There is not much to contend with here. One might only take issue with Jurasz’s overly general language that, for Epiphanes, nature “is opposed to law.” According to Jurasz, Epiphanes attempted, from an “antinomian perspective,” to refute law in general.83 These statements are only valid if we assume that human laws are in view. Epiphanes was, in my view, a supporter of law, if by law we mean natural and divine law. In addition, Jurasz may go too far in saying that Epiphanes proposed “the establishment of a community of goods and women.”84 The surviving excerpts from On Justice do not indicate that Epiphanes made any concrete proposals. Instead, they show that Epiphanes, still very much on the level of theory, argued that private property was unnatural.

Methodology and roadmap

Such are the main scholarly treatments of Carpocrates to date. They show how far scholars have come in the past 40 years or so. Carpocrates and his heirs are no longer automatically shunted into the global category of “Gnosticism,” and interpreted through a heresiological framework. Elements of heresiological categories and interpretation, however, still have a tendency to linger, especially in brief encyclopedic articles and popular literature online.
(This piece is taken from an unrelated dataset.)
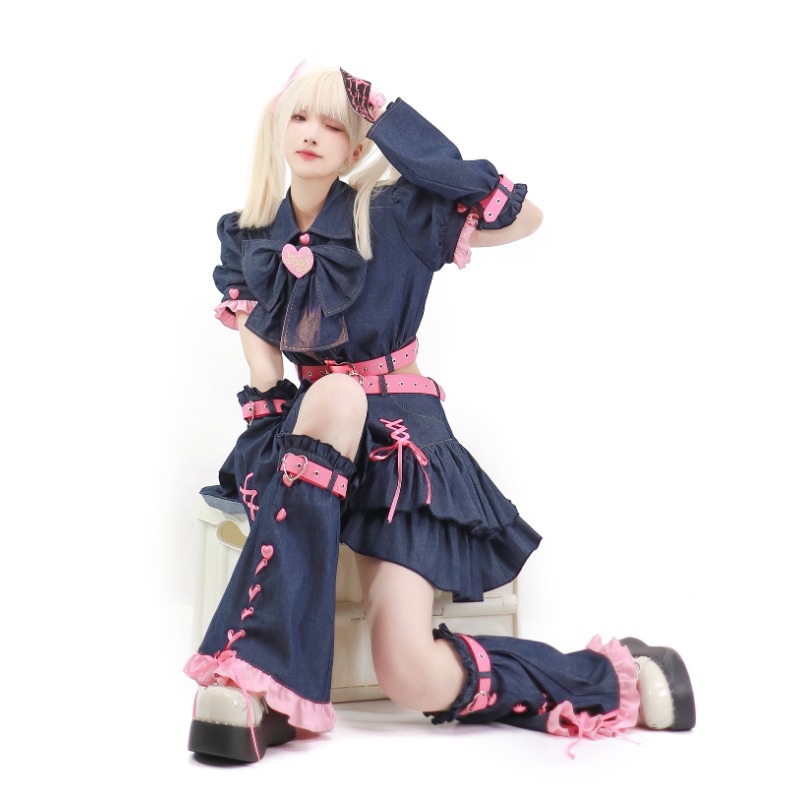 2024 Denim Schatz y2k Set japa – Summer Japanese Clothing Bewertung und Preis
It is time now to explain the approach and structure of the present volume. In some ways, the material treated here is more limited than that outlined by Smith and Whitley. Both of these scholars have provided an important service by collecting the evidence for Carpocratians from the second to the twelfth century CE. Smith mainly provided the sources in Latin and Greek (from transcribed selections of now dated scholarly editions). For his part, Whitley offers English translations of these same texts, though not all of his translations are reliable.85 Their labors of collecting, listing, and translating the sources will not be replicated here. My goal is more modest: to understand Carpocratians in the second century CE, which is the only century, it seems, in which they thrived.
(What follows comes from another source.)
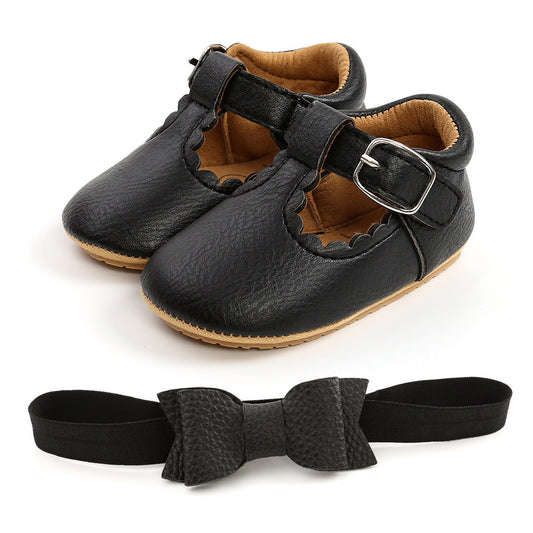 Chaussures bébé fille Mary Jane avec accessoire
Whitley claims that his reconstruction of the Carpocratians engages “every single claim made about Carpocrates, Epiphanes and the Carpocratians between the second and the twelfth centuries.”86 I do not make this claim, largely because virtually all the sources after Clement of Alexandria, and certainly after Epiphanius in the late fourth century CE, are derivative in nature. This means that, even if later sources seem to add new information, they had no other sources beyond what we possess. The “new” information of later writers consisted of their own inferences, most of which are polemical and insecure. In this situation, an appeal to the criterion of multiple attestation is useless. It does not matter how many writers attest a certain datum if almost all these writers depend on a single source (usually Irenaeus or, after the fourth century CE, Epiphanius).

The only three genuinely independent, early, and extensive sources for understanding Carpocratian Christianity are Celsus (via Origen), Irenaeus, and Clement of Alexandria. Clement’s witness, moreover, should be prioritized because he is the only source that provides a direct quote—some 520 words—from a Carpocratian who also happened to be Carpocrates’s son. It is therefore necessary to begin with and to prioritize the testimony of Epiphanes.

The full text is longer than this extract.